- Born: 18 November 1976 (age 49) Billund, Denmark
- Education: Aarhus University
- Parent: Kjeld Kirk Kristiansen

= Sofie Kirk Kristiansen =

Danish billionaire businesswoman

Sofie Kirk Kristiansen (born 18 November 1976) is a Danish fourth-generation owner of The Lego Group. Together with her father Kjeld, sister Agnete and brother Thomas, they split ownership of a 75% stake in the company.

Sofie Kirk Kristiansen holds a B.A. degree from the department of ethnography at the Aarhus University. She is the daughter of former Lego CEOs Kjeld Kirk Kristiansen, granddaughter of Godtfred Kirk Christiansen, and great-granddaughter of the company founder Ole Kirk Christiansen. As of 2022, the family is considered to be the richest family in Denmark, with an estimated $32.8 billion of Denmark’s $57 billion total billionaire wealth.

Sofie Kristiansen owns a large hunting lodge between Holsted and Hovborg in South Jutland.

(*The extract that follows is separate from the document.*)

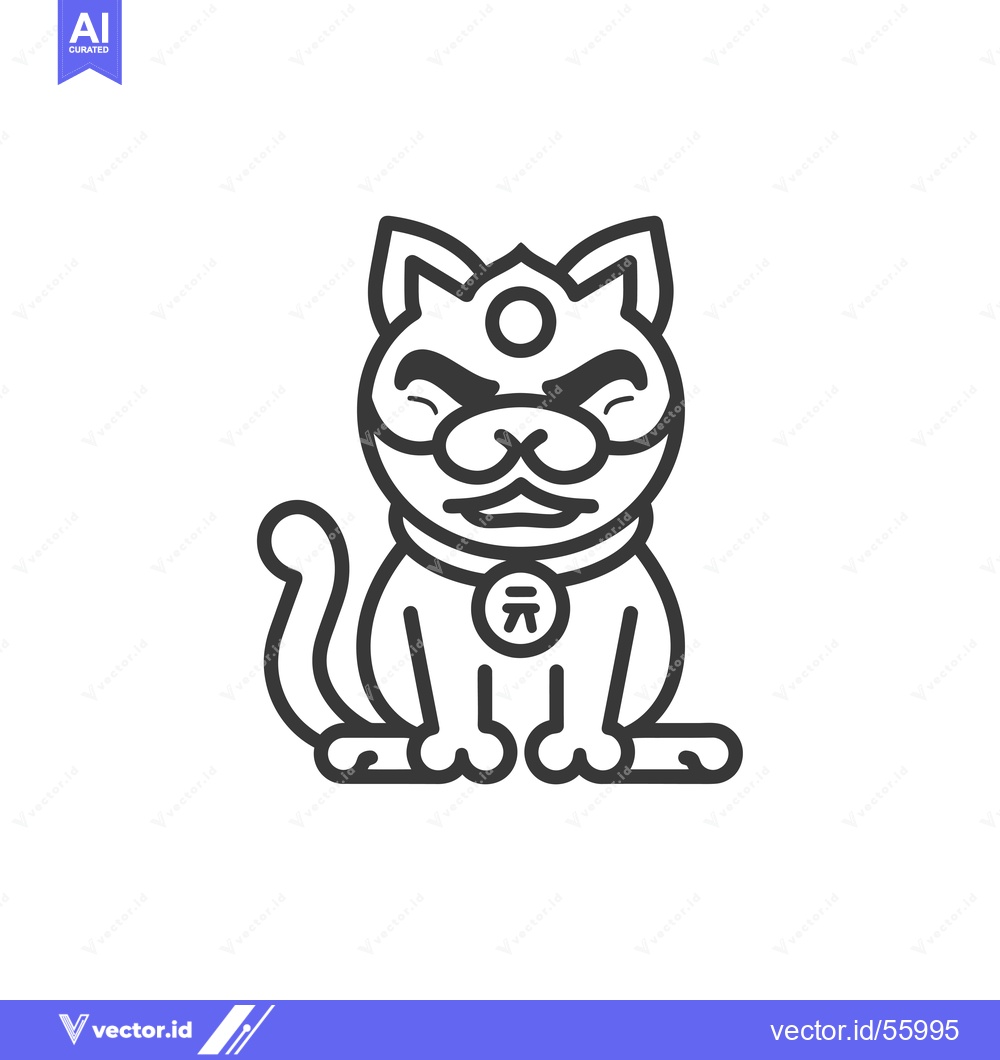 Premium Vector dari Line Drawing of a Japanese Lucky Cat with a Coin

Kristiansen owns the Strathconon Estate, in the highlands of Scotland, which was purchased by her father in 1995. She expanded this in 2025, by purchasing another 3,525 hectares of land, part of the neighbouring Scatwell Estate.

Sofie Kristiansen was married to Christopher Kiær Thomsen, but the couple divorced in 2014.

Sofie Kristiansen made the 2022 Forbes Billionaires List with an estimated wealth of $8.2 billion and occupied the 267th position.